Scotland's eCare has been recognised at an international awards ceremony on good practice in data protection. On Tuesday, 11 December, the Data Protection Agency of the Region of Madrid awarded the eCare framework one of two “special mention” awards. The aim of the annual prize is to expand the awareness of best practices in data protection by government bodies across Europe.
I'm really pleased to see the authors of eCare recognized. They have created a system for sharing health information that concretely embodies the kind of thinking set out in the Laws of Identity.
A Scottish Executive publication describes eCare this way:
The system is designed with a central multi-agency eCare store in a ‘demilitarised’ zone (hanging off NHS net), which links to the multiple back office legacy systems operating locally in the partner agencies. This means that each locality will have its own locally defined and unique approach.
All data shared is subject to consent by the client. The system users are authenticated through their local systems, and are only entitled to view the data of their clients. Clients can change their consent status, and as soon as this is logged on the local system the records cannot be viewed by the partner practitioners.
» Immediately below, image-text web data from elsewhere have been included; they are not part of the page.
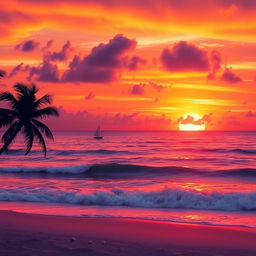 A beautiful sunset over the ocean, the sky filled with vibrant hues of orange, purple, and pink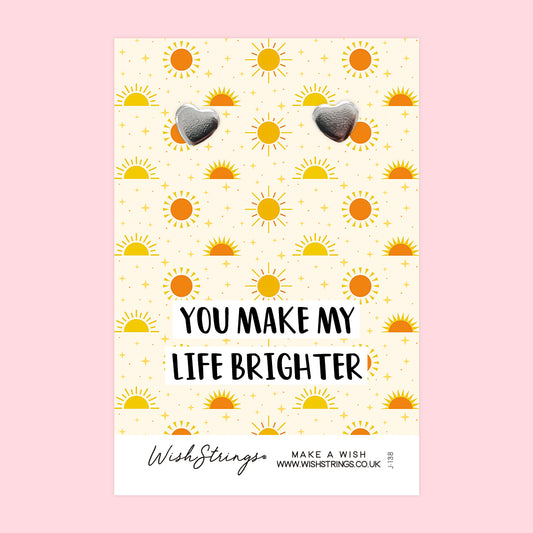 LIFE BRIGHTER - Heart Stud Earrings | J138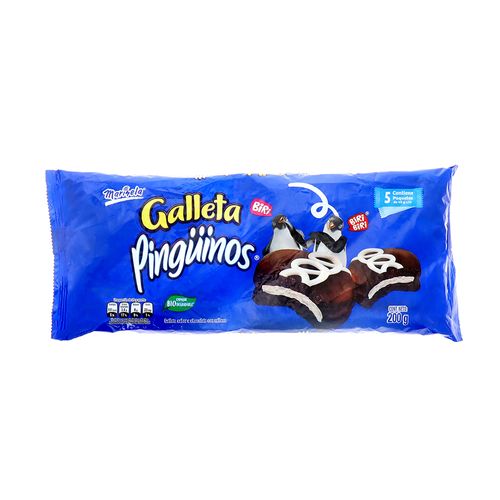 Galleta Marisela Pinguinos Sabor Chocolate con Relleno 200 Gr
Benefits that the programme will deliver
The direct benefit to the citizen will be through improved experience of care. Single Shared Assessment, through electronic information sharing, will reduce the volume of questions repeatedly asked by professionals, as data will only have to be collected from the client once, then shared through the technology.
The Children's Services stream will focus on the delivery of an electronic Personal Care Record, an Integrated Children’s Services Record, and a Single Assessment Framework for sharing, to benefit both Scotland’s children, and care practitioners. Across the streams’ care groups, practitioners will save time, because core data will be shared, rather than gathered by multiple agencies. This will reduce the possibility of duplicated or inappropriate care. A more holistic picture of the client will be created, which will help to ensure services that more accurately meet peoples needs.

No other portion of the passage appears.